- _Prompt_
Every line from the one with "匹克尼龙耐打羽毛球|千人加购" through the end of the material should be written out character for character. Lines before it are excluded.

- _Source records_
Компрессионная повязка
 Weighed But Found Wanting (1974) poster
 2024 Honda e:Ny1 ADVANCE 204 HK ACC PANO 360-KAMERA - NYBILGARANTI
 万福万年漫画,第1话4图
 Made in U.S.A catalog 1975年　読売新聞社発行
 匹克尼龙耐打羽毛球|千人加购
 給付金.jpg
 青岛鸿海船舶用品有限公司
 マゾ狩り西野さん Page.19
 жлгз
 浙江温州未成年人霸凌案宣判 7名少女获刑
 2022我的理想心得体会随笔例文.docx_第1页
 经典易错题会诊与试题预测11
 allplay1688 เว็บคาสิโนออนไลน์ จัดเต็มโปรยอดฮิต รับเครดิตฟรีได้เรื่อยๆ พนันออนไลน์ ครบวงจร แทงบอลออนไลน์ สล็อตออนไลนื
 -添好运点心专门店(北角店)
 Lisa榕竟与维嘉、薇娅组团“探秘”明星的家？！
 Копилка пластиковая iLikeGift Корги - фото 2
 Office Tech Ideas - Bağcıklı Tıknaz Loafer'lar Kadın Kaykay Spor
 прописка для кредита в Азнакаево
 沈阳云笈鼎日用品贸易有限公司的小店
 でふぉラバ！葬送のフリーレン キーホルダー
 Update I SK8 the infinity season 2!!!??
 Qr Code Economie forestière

- _Task solution_
 匹克尼龙耐打羽毛球|千人加购
 給付金.jpg
 青岛鸿海船舶用品有限公司
 マゾ狩り西野さん Page.19
 жлгз
 浙江温州未成年人霸凌案宣判 7名少女获刑
 2022我的理想心得体会随笔例文.docx_第1页
 经典易错题会诊与试题预测11
 allplay1688 เว็บคาสิโนออนไลน์ จัดเต็มโปรยอดฮิต รับเครดิตฟรีได้เรื่อยๆ พนันออนไลน์ ครบวงจร แทงบอลออนไลน์ สล็อตออนไลนื
 -添好运点心专门店(北角店)
 Lisa榕竟与维嘉、薇娅组团“探秘”明星的家？！
 Копилка пластиковая iLikeGift Корги - фото 2
 Office Tech Ideas - Bağcıklı Tıknaz Loafer'lar Kadın Kaykay Spor
 прописка для кредита в Азнакаево
 沈阳云笈鼎日用品贸易有限公司的小店
 でふぉラバ！葬送のフリーレン キーホルダー
 Update I SK8 the infinity season 2!!!??
 Qr Code Economie forestière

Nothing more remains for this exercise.